Certaines personnalités à la présidence voient même grand. Au-delà de la visite d’Hollande, pourquoi ne pas faire comme dans les pays qui se respectent en créant un pool de journalistes camerounais accrédités au palais de l’Unité et dont le rôle sera de couvrir les activités du chef de l’Etat et accessoirement de son épouse ?
L’idée est inédite. Un tel privilège est d’ordinaire une exclusivité des médias publics, dont Cameroon tribune et Crtv. Joseph Le, le directeur adjoint du Cabinet civil de la présidence de la République est chargé de conduire la mise en place du pool des journalistes de la présidence. La presse camerounaise dans toute sa diversité est représentée. Deux réunions se tiennent à Etoudi avant l’arrivée d’Hollande.
Le moment est solennel. Joseph Le et ses collaborateurs entretiennent les journalistes sur des mesures à observer pendant la visite du président français. Au finish, tout se passe plutôt bien. Des journalistes sont accrédités et reçoivent des dossiers de presse bien faits avant l’arrivée de l’hôte français. Et le jour-J, ils sont convoyés à l’aéroport de Nsimalen pour l’accueillir et prennent part le soir à la conférence de presse qu’il donne avec son homologue camerounais.
L’expérience est rééditée trois semaines plus tard avec la visite au Cameroun du président nigérian, Muhammadu Buhari.
Mais, depuis lors, plus rien. Le pool des journalistes de la présidence a disparu et plus personne ne les accrédite pour quoi que ce soit au palais de l’Unité.
Le dernier événement en date étant la visite de la directrice générale du Fmi au Cameroun.

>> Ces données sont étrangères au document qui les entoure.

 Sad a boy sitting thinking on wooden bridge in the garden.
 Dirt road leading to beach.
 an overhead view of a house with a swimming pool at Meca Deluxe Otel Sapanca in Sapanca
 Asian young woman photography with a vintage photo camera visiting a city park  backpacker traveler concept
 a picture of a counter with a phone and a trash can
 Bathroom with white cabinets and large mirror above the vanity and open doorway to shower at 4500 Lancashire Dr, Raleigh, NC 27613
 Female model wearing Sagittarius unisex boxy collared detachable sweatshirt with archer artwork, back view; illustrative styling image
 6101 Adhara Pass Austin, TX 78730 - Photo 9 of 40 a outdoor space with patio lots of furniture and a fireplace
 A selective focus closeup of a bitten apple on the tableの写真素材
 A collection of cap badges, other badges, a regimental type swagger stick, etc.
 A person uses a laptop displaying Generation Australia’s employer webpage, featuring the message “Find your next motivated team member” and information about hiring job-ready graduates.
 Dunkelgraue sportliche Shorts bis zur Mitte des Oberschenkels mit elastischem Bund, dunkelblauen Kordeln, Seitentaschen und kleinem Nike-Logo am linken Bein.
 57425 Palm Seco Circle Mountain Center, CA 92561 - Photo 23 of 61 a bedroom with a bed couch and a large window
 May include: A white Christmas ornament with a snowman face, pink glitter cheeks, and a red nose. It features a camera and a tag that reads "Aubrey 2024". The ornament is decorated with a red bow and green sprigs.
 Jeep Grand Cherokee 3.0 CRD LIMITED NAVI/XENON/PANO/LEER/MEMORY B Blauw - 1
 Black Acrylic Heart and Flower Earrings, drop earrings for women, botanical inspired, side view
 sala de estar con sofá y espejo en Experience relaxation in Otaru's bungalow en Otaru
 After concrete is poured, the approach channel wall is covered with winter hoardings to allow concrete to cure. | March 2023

Seuls la Crtv et Cameroon tribune ont eu droit à l’étape présidentielle du séjour de Christine Lagarde. La presse privée, elle, a été tenue à l’écart. Elle s’est contentée de recevoir par e-mail le toast prononcé par le chef de l’Etat lors du dîner offert à la patronne du Fmi ainsi que quelques photos et de tout ce qui s’est déroulé en dehors de la présidence.
Que s’est-il passé ? Pourquoi le pool des journalistes accrédités à la présidence n’a-t-il duré que le temps de la visite de François Hollande et de Muhammadu Buhari ?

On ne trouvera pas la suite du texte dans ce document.